D’où une vie de souffrance, de combat, de déchirement, une vie vécue selon la formule de Pablo Neruda : « Pénétrons dans la cendre,/ suivons la fumée,/ vivons près du feu. » Ainsi s’exprime clairement la fonction thérapeutique de la poésie.

Les poèmes de l’Homme-Soleil, la nature de son écriture poétique, la création d’un langage, les élans métaphoriques, les rythmes bien marqués, les accents élégiaques : tout cela compose cette musique dont parlait Yves Bonnefoy. La musique de l’homme-soleil évoque davantage les battements forts et les éclats métalliques de Heavy Metal que la musique romantique !

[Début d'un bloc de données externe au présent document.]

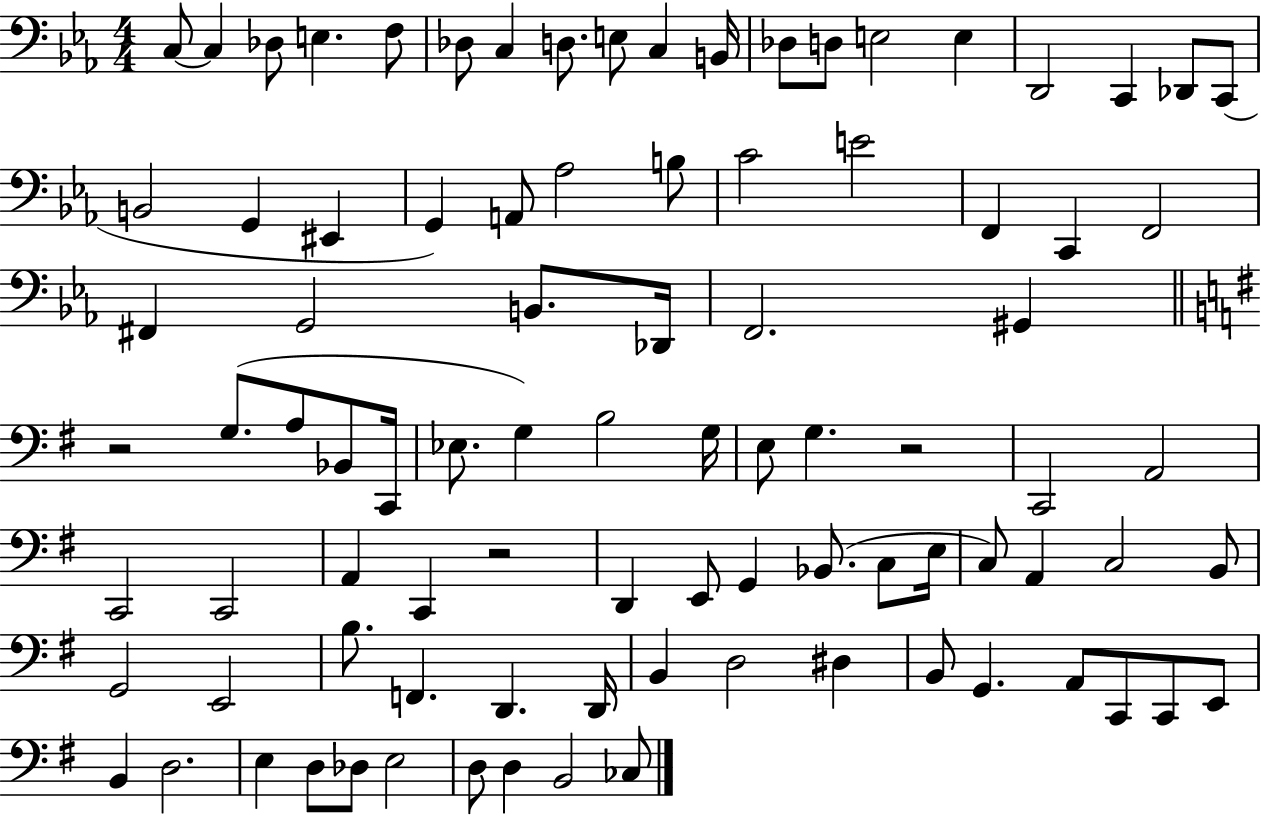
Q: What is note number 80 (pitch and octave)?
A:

Quant à la violence, la passion intense, la sensualité effrénée qui s’exprime dans le poème Élégie pour une orange, elle illustre bien la visée poétique de l’Homme Soleil : un emploi franc, direct, passionné des mots, non pas les ombres évanescentes du crépuscule, mais le soleil de midi ; qui ne se murmure pas, mais qui brille dans les conversations à voix forte des gens de ce pays. Ce n’est pas la voix de la colère rentrée, mais l’expression dramatique des sentiments ; c’est la voix qui chante la blessure sans se soucier de la guérison.